En conséquence de ce qui précède, la cour considère que ni la faute grave ni la cause réelle et sérieuse de licenciement ne sont établis. Le licenciement est donc sans cause réelle et sérieuse le jugement est confirmé sur ce point.

Sur les conséquences du licenciement sans cause réelle et sérieuse :

Au vu des bulletins de salaire, la cour fixe le salaire de référence à la somme de 6 207,17 euros.

Le jugement est confirmé en ce qu’il a condamné la société à verser à M. [T] la somme de 34 139,43 euros brut au titre de l’indemnité légale de licenciement dont le montant a été évalué conformément aux dispositions légales et aux données contractuelles.

S’agissant de l’indemnité compensatrice de préavis, le jugement est également confirmé en ce qu’il a condamné la société à verser au salarié la somme de 12 414,34 euros brut dont le montant n’est pas contesté utilement par l’employeur ainsi que la somme de 1 241,43 euros au titre des congés payés afférents.

S’agissant de l’indemnité pour licenciement sans cause réelle et sérieuse, M. [T] sollicite la condamnation de l’employeur à lui verser une somme de 90 000 euros en réparation de son entier préjudice en faisant valoir que le barème fixé par l’article L. 1235-3 du code du travail ne permet pas une indemnité adéquate ou une réparation appropriée à la réalité de son préjudice le contrôle de conventionnalité ne dispensant pas, en présence d’un dispositif jugé conventionnel, d’apprécier s’il ne porte pas une atteinte disproportionnée au droit du salarié concerné.

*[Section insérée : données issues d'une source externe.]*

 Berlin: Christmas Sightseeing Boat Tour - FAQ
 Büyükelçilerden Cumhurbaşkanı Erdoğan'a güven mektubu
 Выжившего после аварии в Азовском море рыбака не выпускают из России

Eu égard à son ancienneté dans l’entreprise (17 années complètes), au montant de son salaire brut, son âge au moment du licenciement (né en 1978), aux circonstances du licenciement, à ce qu’il justifie de sa situation postérieure à celui-ci (attestation de chômage du 6 juin 2022 pour la période en cours depuis le17 décembre 2019), la cour condamne la société à verser à M. [T] la somme de 86 000 euros suffisant à réparer son entier préjudice par une indemnisation adéquate et appropriée. Le jugement est infirmé de ce chef.

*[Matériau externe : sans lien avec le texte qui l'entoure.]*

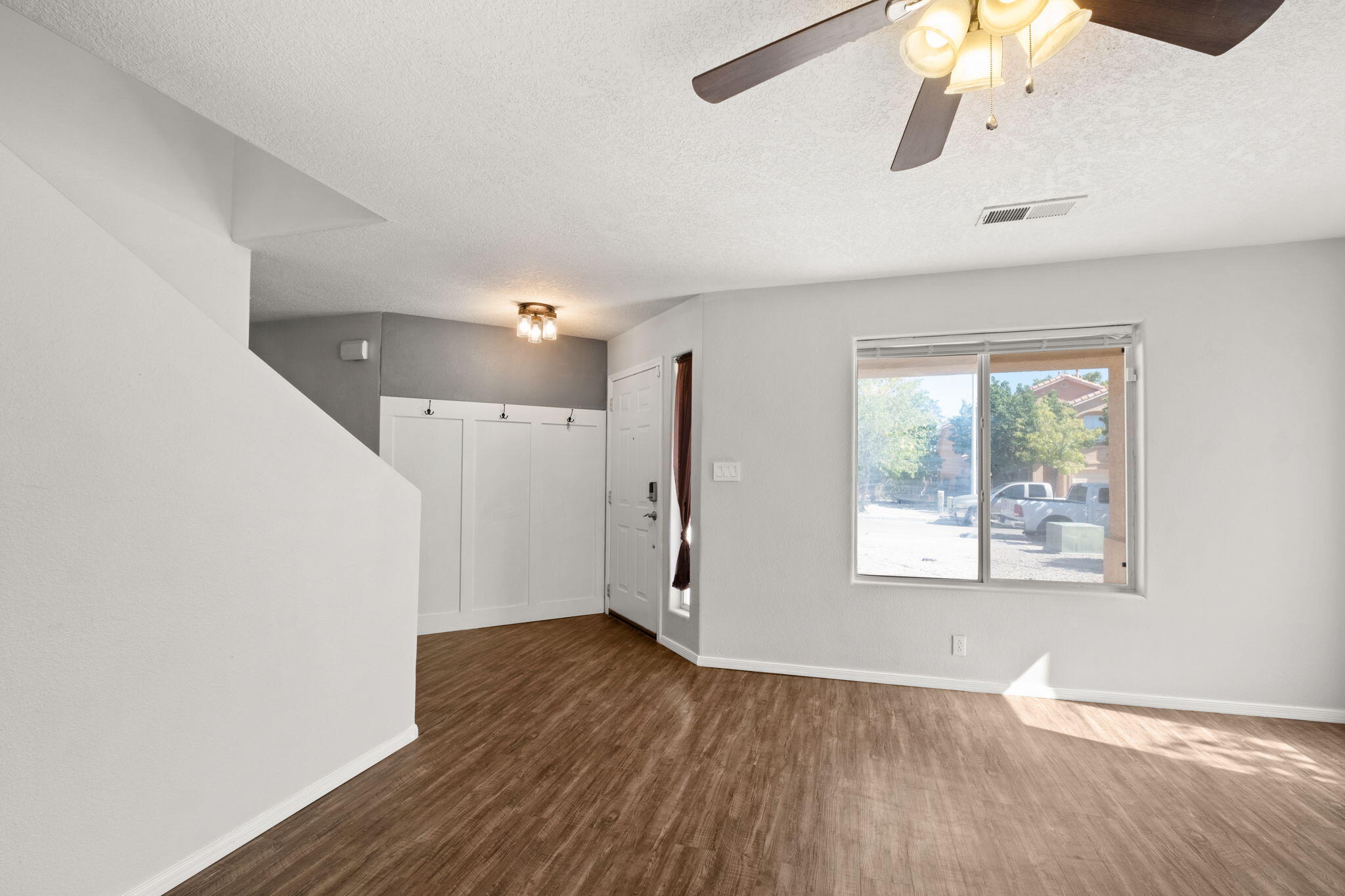 5812 Night Shadow Avenue NW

Sur le rappel de salaire sur mise à pied conservatoire, la cour n’ayant pas retenu la faute grave, la société est condamnée à verser à M. [T] la somme de 2 669,64 euros correspondant au montant retenu au titre de la mise à pied conservatoire outre les congés payés afférents à hauteur de la somme de 266,96 euros, le jugement est confirmé de ce chef.

Enfin, s’agissant de l’application de l’article, L. 1235-4 du code du travail, le jugement est confirmé.

Sur le préjudice moral :

M. [T] reproche à la société le caractère brutal et vexatoire de son licenciement et l’atteinte à sa réputation.

La société conclut au débouté.

La cour considère que que M. [T] ne justifie pas d’un préjudice distinct de celui qui a été indemnisé au titre de l’absence de cause réelle et sérieuse du licenciement et le déboute de sa demande de dommages-intérêts, le jugement est confirmé de chef.

Sur les autres demandes :

Le jugement est confirmé en ce qu’il a statué sur les intérêts au taux légal.

La capitalisation des intérêts échus, dus pour une année entière, est ordonnée en application de l’article 1343-2 du code civil.

La société, partie perdante, est condamnée aux dépens et doit indemniser, M. [T] des frais exposés par lui et non compris dans les dépens en sus de la somme allouée par les premiers juges à hauteur d’une somme de 2 000 euros en application de l’article 700 du code de procédure civile, sa propre demande sur ce même fondement étant rejetée.